Penyebabnya, kata dia, karena permasalahan sosial ekonomi masyarakat di sekitar pelabuhan. Mereka hidup dalam kemiskinan sehingga sebagian di antaranya memilih untuk melakukan pungli.
"Bahkan juga terjadi kongkalikong dengan oknum aparat. Hal seperti ini sengaja dipelihara oleh oknum aparat," kata Djoko dalam keterangannya kepada Republika, Selasa (15/6).
Djoko menerangkan, dalam bidang apa pun, pelanggaran yang dilakukan sendirian biasanya hanya berlangsung sementara. Bisa mingguan atau maksimal beberapa bulan.
"Tetapi kalau pelanggaran sudah berlangsung rutin dan terus-menerus, pasti sudah ada kerja sama dengan aparatur dan lain lain," kata dia.

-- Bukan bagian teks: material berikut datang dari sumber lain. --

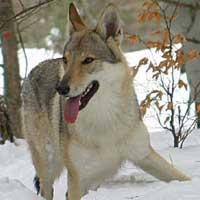 чехословацкая волчья собака характеристика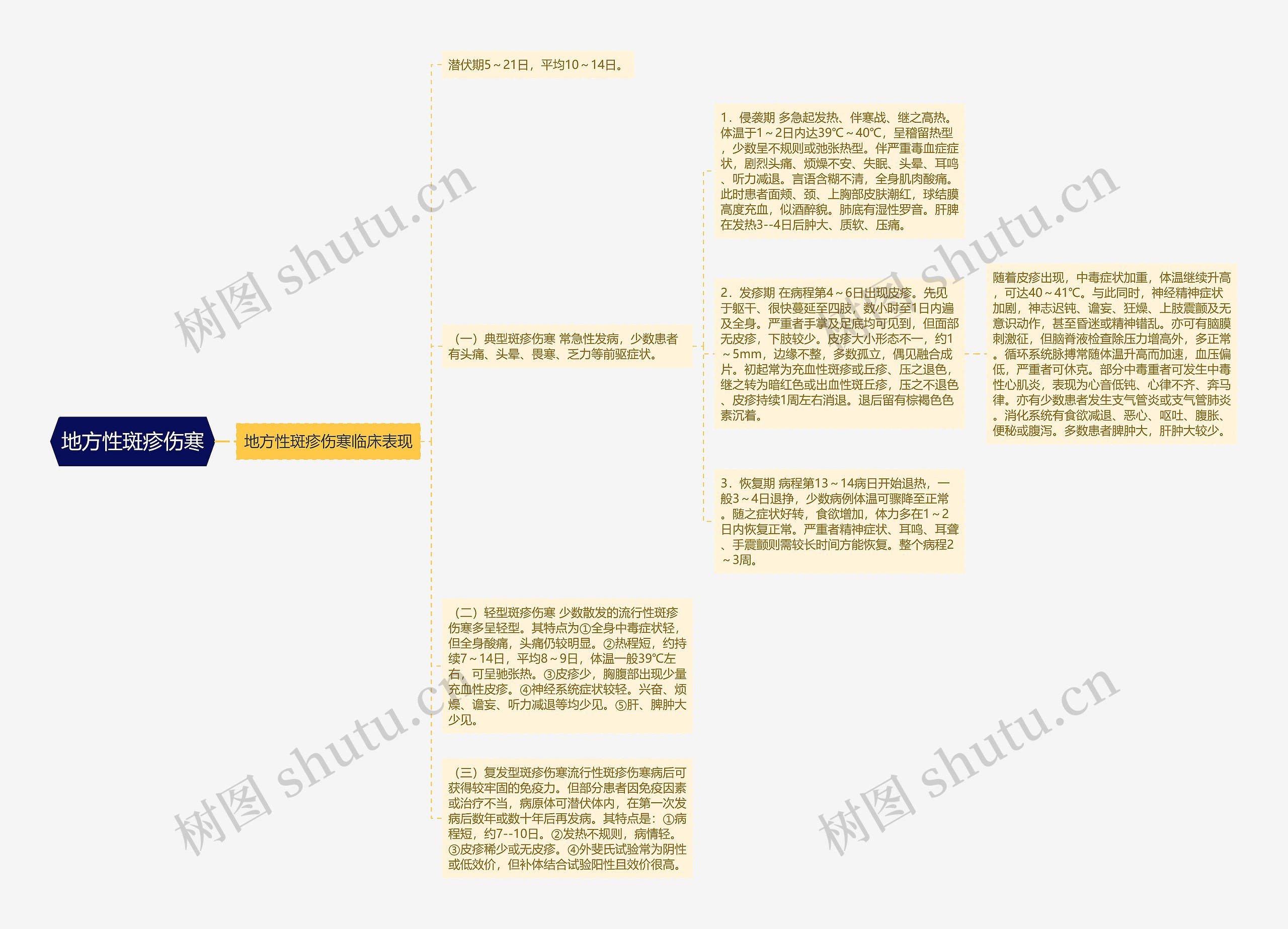 地方性斑疹伤寒 地方性斑疹伤寒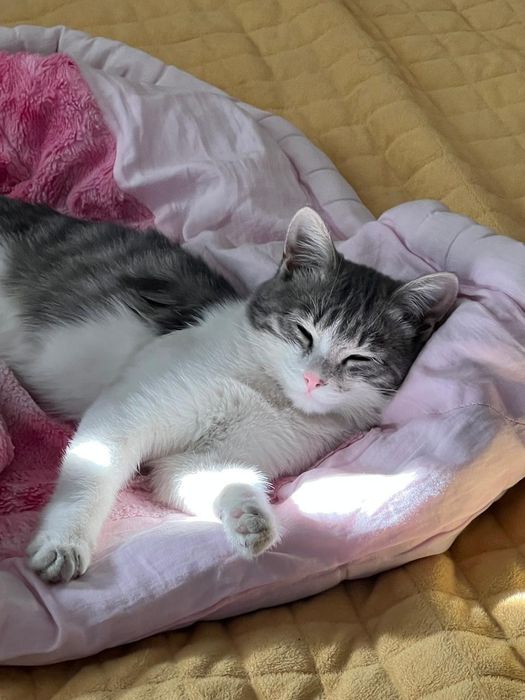 Отдам в добрые руки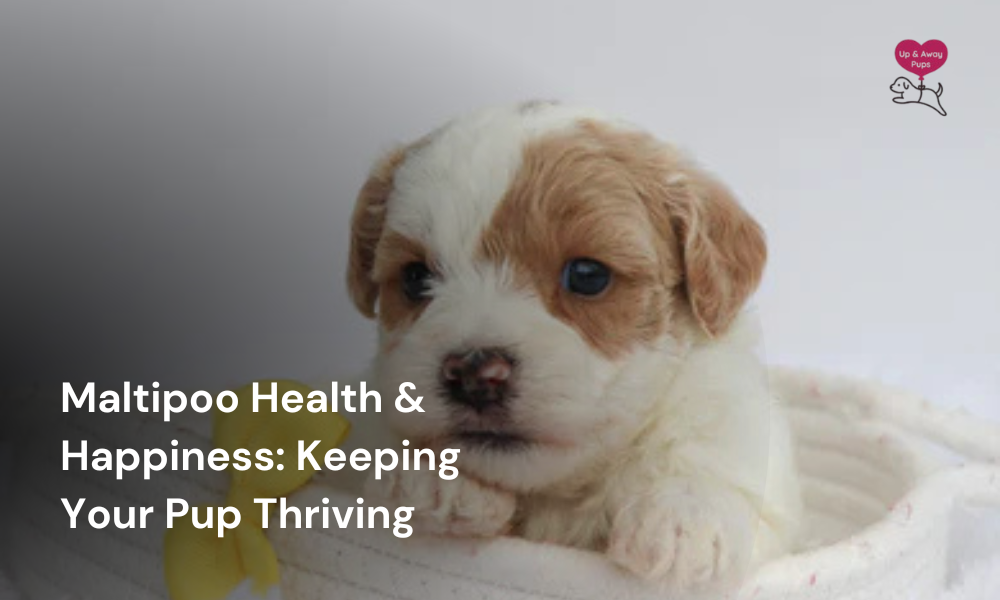 Maltipoo Health & Happiness
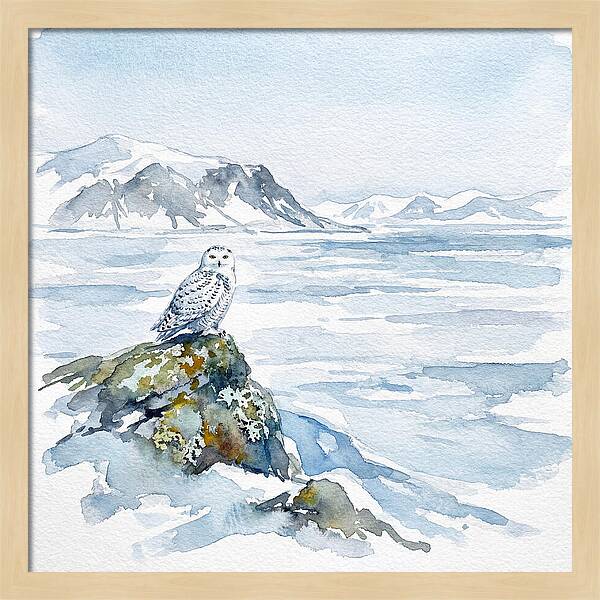 Snowy Owl In Winter Landscape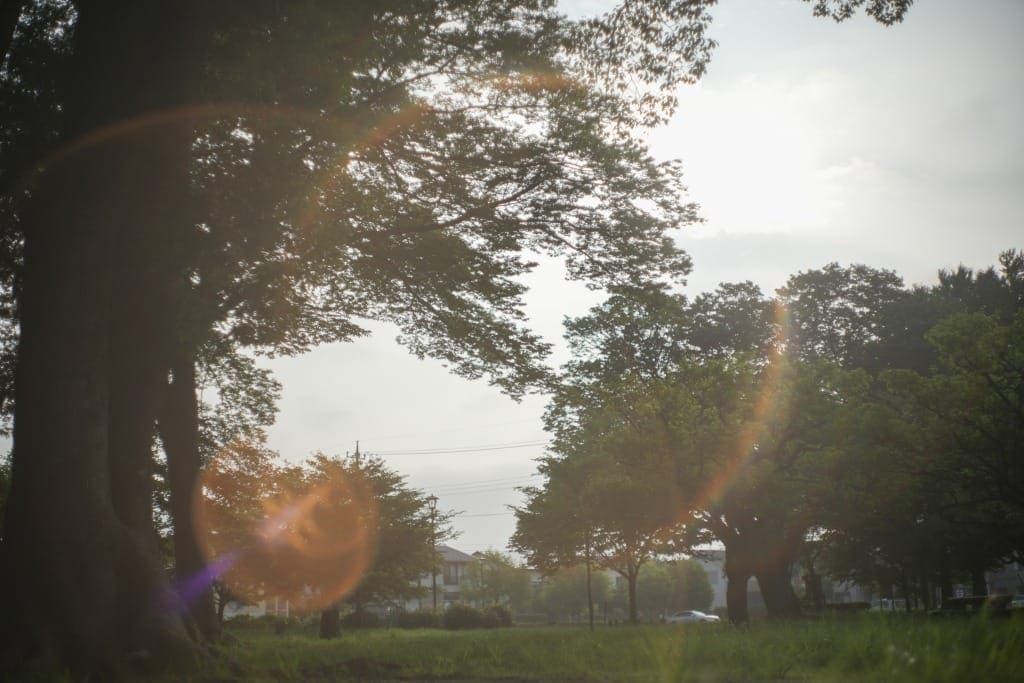 Ricoh Auto Rikenon 50mm f1.7 Review作例 M42マウント富岡光学製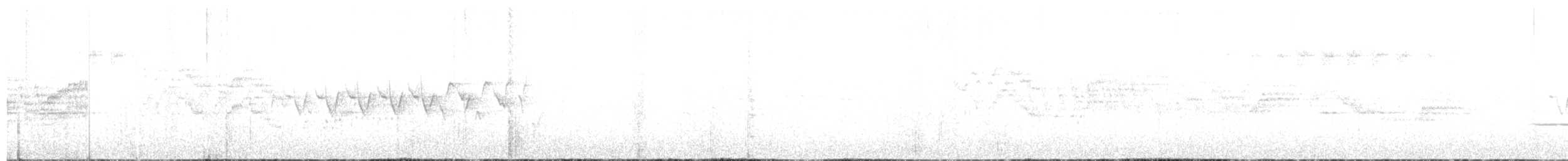 Дрізд-короткодзьоб канадський - ML620499173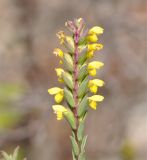 Odontites cyprius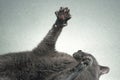 Outstretched paws with grey cat claws Royalty Free Stock Photo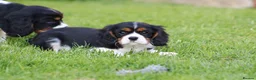 Cavalier King Charles Spaniel dogs for sale: Beautiful Cavalier King Charles Spaniel puppies - Advert 14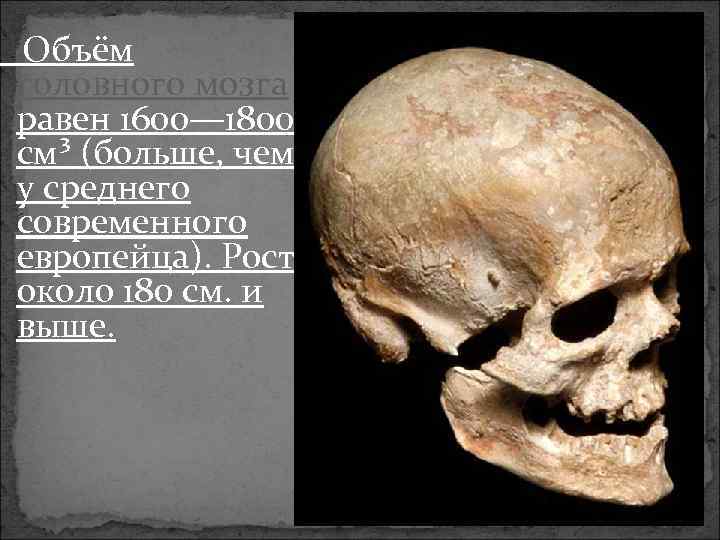  Объём головного мозга равен 1600— 1800 см³ (больше, чем у среднего современного европейца).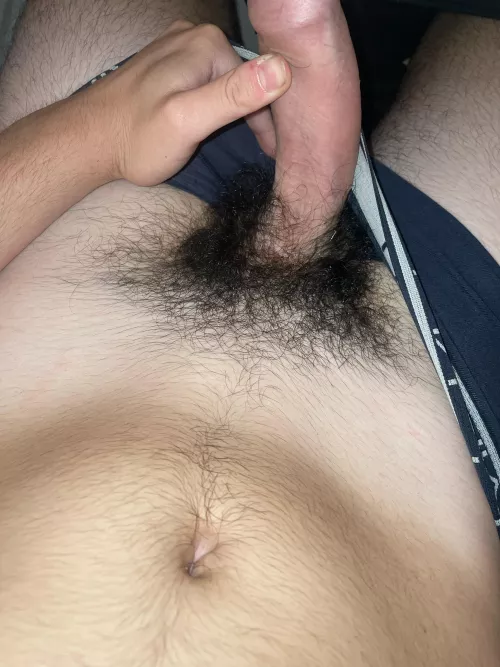 19m always get Horny over extremely hairy guys the hairier the better honestly Add Pickle9918
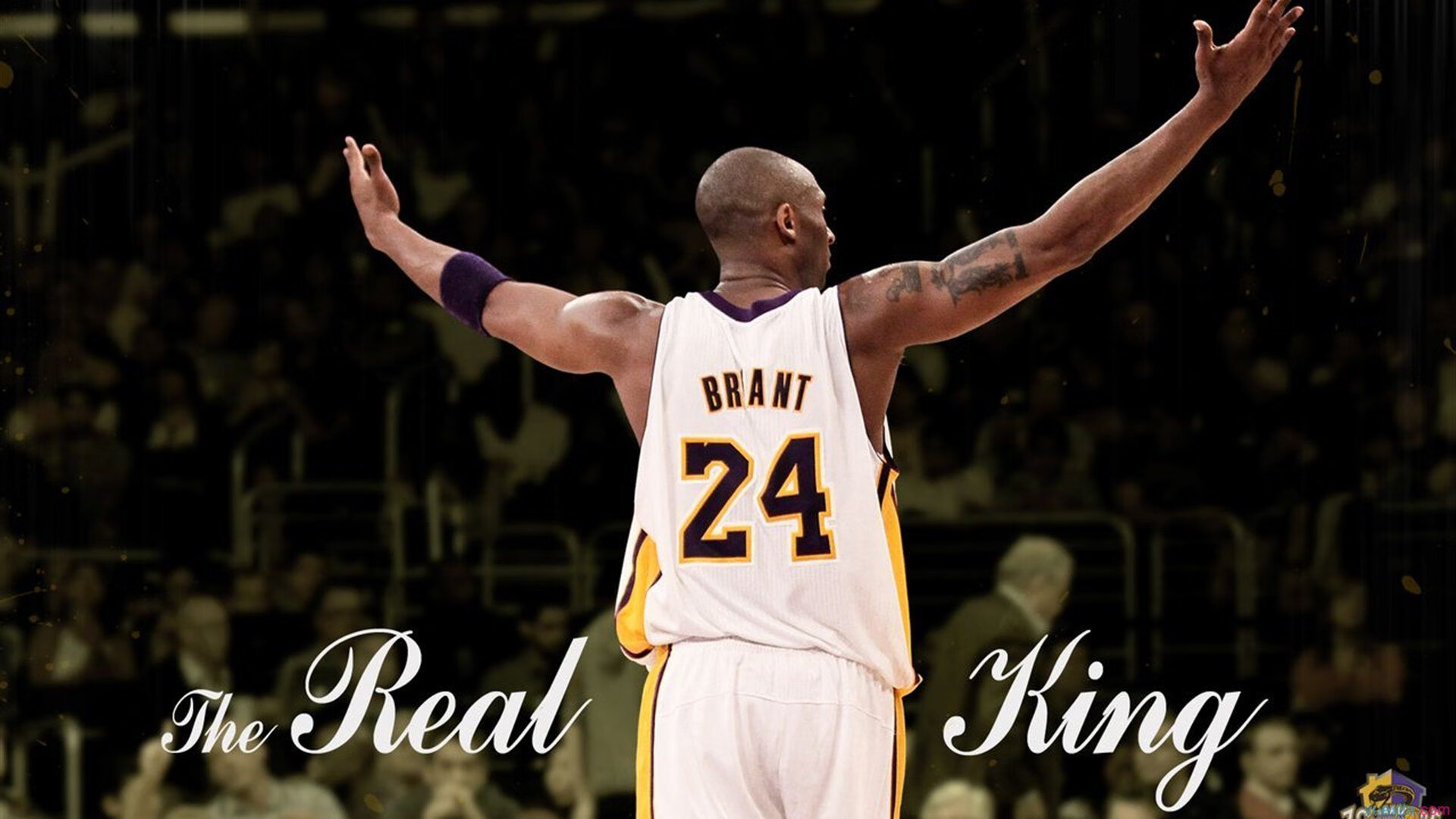 《王者荣耀》跨国合作战队正式亮相，构建全球电竞生态，《王者荣耀》引入欧美战队,职业联赛升级国际化赛区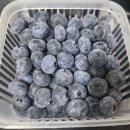 정성고기&과일포유 이미지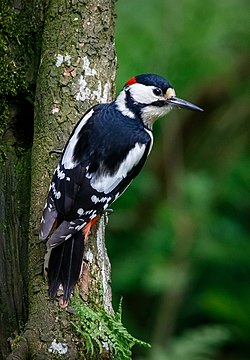 Barrspæta (Dendrocopos major)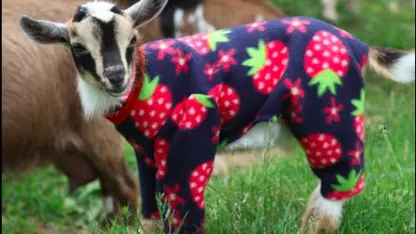 Goats in Pajamas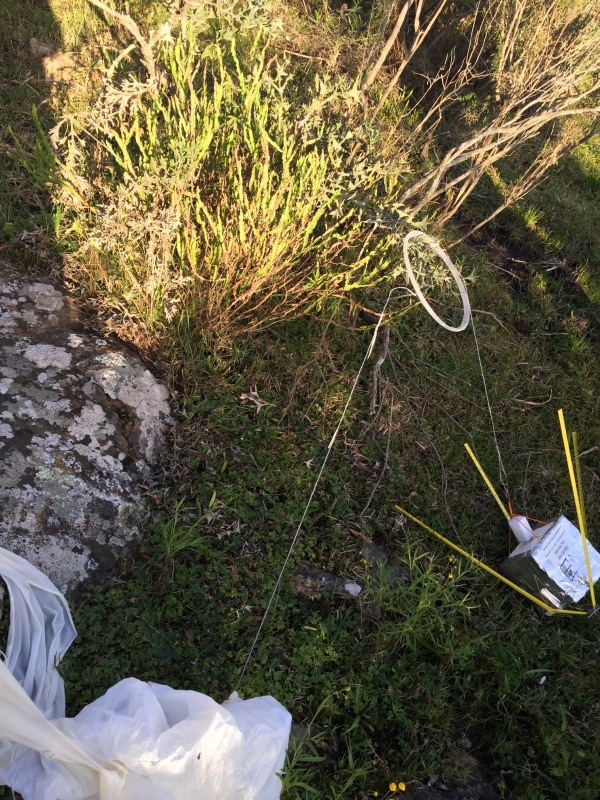 Pichon-1 2016_4537.JPG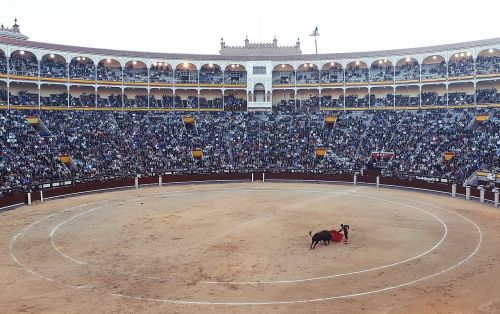 bullfight torero corrida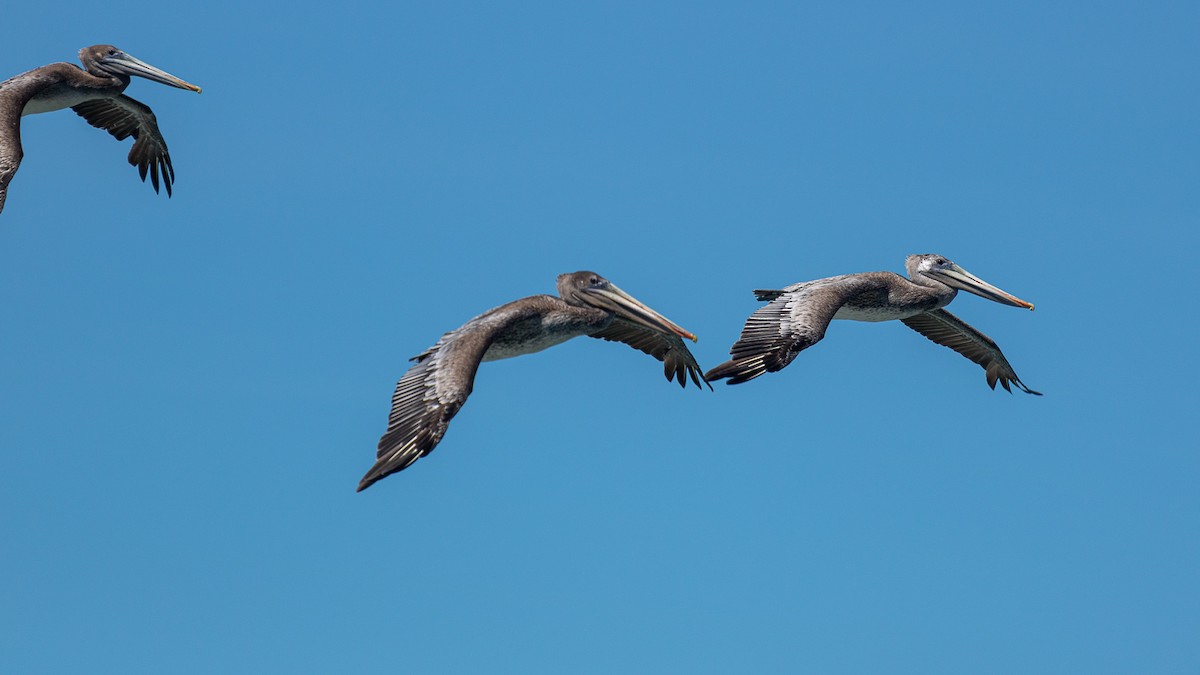 Brown Pelican - ML622981414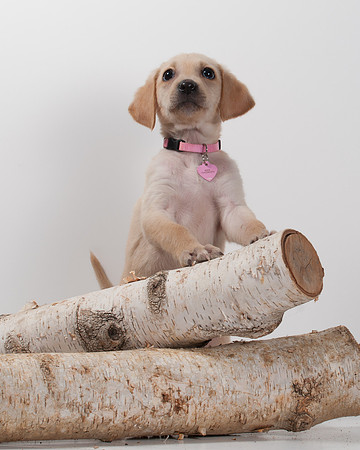 GCSPCA BB-6191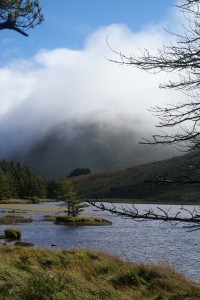 On the field trip to Glantanesseig, Dingle Peninsula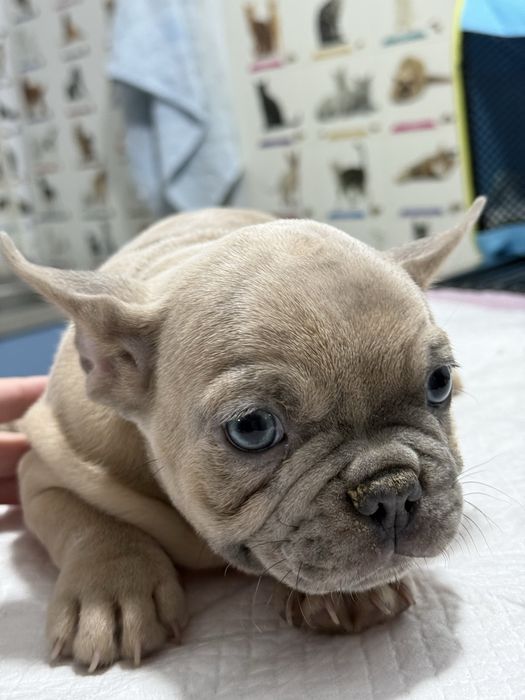 Fetita Bulldog Francez Fawn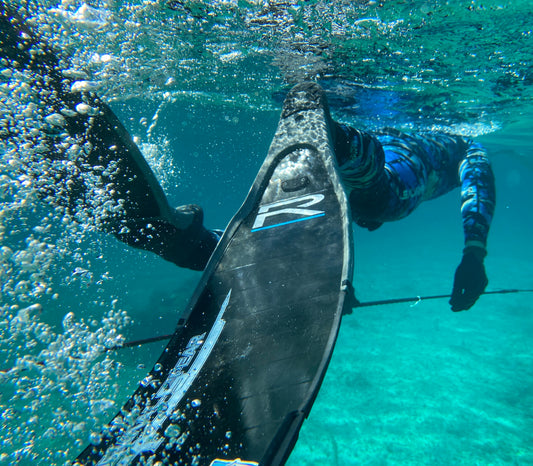 Spearfishing in the shallows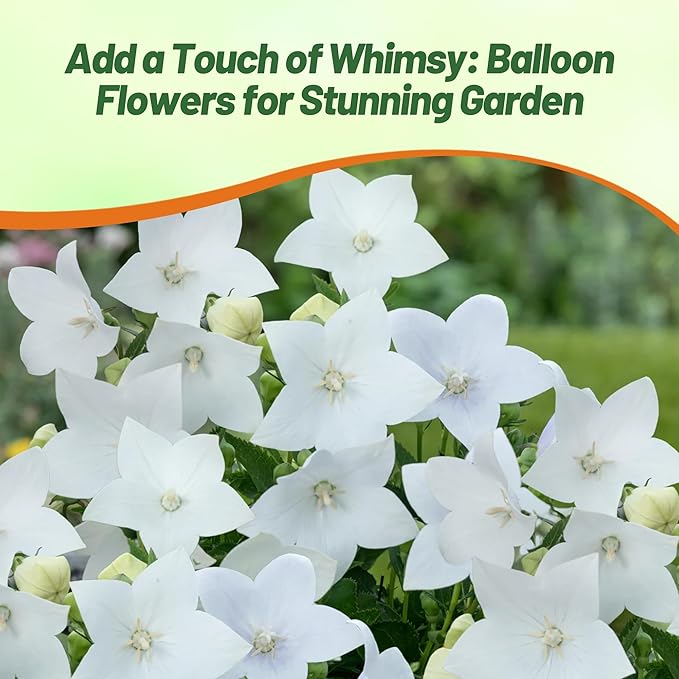 Outsidepride White Balloon Flower Seeds for Planting – 1000 Pcs Perennial, Drought-Tolerant, Easy to Grow, Low Maintenance, Pollinator-Friendly, Star-Shaped Blooms for Outdoor Gardens and Borders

Djoko juga menyoroti peran yang dimainkan Asosiasi Bongkar Muat Pelabuhan. Dia menyebut, bahwa asosiasi itu memiliki pengaruh yang sangat kuat karena tetap bisa memainkan peran dalam proses bongkar muat metode modern.
"Bongkar muat yang dilakukan dengan container crane yang tidak ada peran buruh bongkar muatnya tetap dipungut biayanya," kata dia.
Sebelumnya, polisi menangkap 50 orang yang terlibat praktik pungli di kawasan Pelabuhan Tanjung Priok pada Jumat (11/6). Kabid Humas Polda Metro Jaya Kombes Pol Yusri Yunus menyebut pihaknya akan menindak tegas jika ada oknum yang terlibat.
Operasi penangkapan preman dan pelaku pungli dilakukan polisi setelah Presiden Joko Widodo mendengar keluhan para sopir truk terkait pungli di Pelabuhan Tanjung Priok pada Kamis (10/6). Jokowi lantas menelepon Kapolri Jenderal Listyo Sigit Prabowo untuk membasmi praktik pungli tersebut.